Sherry points out Emily Bronte’s birthday today. She writes: “Some critics insisted that Emily’s novel, Wuthering Heights, must have been written by a man because no woman could have written such a passionate story. Emily Bronte died of tuberculosis one year after the publication of her only novel. She was 30 years old.”
Why do critics argue stupid points like this? I guess it was a different era, when women were not considered valuable members of society or at least literary culture. Our era has its own stupid ideas, such as a constitutional right to privacy and global warming.
Well, just remember that the works of Shakespeare were really written by another man of the same name … and Moses obviously couldn’t have written the Pentateuch … and Jesus obviously couldn’t have said the things in the Gospels that the Jesus Seminar doesn’t like … was it C.S. Lewis who called it “chronological snobbery”?

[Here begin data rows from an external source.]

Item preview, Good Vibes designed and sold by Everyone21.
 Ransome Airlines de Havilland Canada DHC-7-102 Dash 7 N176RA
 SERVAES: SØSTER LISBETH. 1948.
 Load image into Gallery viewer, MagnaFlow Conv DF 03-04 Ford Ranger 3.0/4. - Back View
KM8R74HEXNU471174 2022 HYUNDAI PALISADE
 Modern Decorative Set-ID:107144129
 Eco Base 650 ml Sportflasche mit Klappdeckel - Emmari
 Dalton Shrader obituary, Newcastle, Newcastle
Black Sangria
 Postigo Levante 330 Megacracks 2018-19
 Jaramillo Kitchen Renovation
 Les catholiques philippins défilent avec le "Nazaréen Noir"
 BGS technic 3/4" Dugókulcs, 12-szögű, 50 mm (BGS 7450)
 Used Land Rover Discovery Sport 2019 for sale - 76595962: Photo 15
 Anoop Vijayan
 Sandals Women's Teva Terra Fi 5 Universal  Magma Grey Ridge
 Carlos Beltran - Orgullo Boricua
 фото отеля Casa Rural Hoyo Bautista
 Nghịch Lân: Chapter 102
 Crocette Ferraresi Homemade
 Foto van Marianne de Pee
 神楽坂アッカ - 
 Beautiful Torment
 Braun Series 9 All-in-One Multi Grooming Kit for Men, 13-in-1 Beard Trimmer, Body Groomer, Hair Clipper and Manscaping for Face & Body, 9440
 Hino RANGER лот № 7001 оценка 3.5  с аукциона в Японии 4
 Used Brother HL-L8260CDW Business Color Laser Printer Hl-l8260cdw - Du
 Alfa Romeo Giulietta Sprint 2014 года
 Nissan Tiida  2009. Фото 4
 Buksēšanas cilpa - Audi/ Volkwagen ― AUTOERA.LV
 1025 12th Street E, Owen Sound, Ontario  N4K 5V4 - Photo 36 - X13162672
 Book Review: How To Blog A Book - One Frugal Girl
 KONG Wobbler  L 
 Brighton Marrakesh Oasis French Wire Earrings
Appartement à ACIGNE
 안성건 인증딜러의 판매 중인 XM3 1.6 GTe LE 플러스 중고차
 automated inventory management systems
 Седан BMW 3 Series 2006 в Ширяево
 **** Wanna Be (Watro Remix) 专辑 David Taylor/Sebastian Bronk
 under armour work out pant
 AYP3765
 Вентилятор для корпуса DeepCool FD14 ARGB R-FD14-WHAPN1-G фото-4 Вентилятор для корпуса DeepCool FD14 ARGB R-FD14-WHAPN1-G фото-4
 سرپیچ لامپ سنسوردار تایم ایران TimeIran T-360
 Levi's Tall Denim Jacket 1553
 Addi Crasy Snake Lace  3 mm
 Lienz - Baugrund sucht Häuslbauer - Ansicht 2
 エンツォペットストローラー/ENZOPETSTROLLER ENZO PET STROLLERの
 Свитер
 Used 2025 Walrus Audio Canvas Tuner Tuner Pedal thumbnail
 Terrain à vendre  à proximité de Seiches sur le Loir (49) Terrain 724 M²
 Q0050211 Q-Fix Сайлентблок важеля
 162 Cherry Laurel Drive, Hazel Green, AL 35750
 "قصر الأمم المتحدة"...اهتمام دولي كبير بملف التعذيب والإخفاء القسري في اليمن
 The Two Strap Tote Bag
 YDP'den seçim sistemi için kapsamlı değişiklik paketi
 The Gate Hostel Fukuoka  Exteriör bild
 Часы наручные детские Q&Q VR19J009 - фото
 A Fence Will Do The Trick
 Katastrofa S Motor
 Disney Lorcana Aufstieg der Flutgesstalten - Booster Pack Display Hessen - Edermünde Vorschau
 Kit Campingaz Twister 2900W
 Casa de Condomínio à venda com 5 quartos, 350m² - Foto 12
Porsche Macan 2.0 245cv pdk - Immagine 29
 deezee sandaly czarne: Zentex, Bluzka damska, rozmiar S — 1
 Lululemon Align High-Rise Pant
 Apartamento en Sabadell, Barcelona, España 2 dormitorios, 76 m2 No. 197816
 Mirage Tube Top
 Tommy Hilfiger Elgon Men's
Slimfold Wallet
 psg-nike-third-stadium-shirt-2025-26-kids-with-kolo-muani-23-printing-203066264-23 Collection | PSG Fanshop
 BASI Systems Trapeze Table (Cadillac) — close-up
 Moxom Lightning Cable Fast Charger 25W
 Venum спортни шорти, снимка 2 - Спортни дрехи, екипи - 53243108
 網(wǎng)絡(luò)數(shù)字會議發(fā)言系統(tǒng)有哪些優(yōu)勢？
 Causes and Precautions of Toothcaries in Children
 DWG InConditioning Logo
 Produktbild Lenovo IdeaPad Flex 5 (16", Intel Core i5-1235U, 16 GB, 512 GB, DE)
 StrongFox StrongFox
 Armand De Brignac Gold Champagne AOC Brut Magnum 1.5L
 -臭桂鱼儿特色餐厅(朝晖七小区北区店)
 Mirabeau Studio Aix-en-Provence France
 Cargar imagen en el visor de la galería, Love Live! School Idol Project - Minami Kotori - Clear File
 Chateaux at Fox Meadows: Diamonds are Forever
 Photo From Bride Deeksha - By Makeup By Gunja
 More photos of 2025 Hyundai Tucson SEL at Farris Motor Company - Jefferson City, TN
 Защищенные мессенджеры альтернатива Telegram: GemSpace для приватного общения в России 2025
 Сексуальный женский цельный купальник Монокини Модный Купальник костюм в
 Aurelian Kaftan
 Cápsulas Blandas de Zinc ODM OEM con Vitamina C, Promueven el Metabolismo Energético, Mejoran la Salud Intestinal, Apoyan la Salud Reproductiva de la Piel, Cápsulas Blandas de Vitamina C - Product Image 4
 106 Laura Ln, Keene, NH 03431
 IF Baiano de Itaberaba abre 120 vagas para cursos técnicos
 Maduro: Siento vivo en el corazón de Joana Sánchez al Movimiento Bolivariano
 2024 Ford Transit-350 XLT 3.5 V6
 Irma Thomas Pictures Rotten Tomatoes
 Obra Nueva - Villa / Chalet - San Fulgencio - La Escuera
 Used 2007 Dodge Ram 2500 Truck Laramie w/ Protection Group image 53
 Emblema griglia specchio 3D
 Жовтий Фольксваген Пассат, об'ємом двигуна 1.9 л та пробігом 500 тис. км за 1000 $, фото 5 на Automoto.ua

But were those contemporary critics? Emily Bronte, like other women authors, had to use a male pseudonym to get published (Ellis Bell). So I can understand some confusion.
If, however, later or contemporary critics are suggesting that Emily Bronte was a man, then I agree they are daft.
Yes, I was thinking along those lines, Maxine, that the critics in question were from her day. Still it’s a bad idea. I guess I understand societal roles, which could be the motive of arguing this way, but I don’t understand believing classifications of people are not capable of fill-in-the-blank. Physically, we aren’t all capable of anything, and groups can be critiqued this way, but emotionally or intellectually, I don’t think such generalizations can be made. People still argue about it for some groups.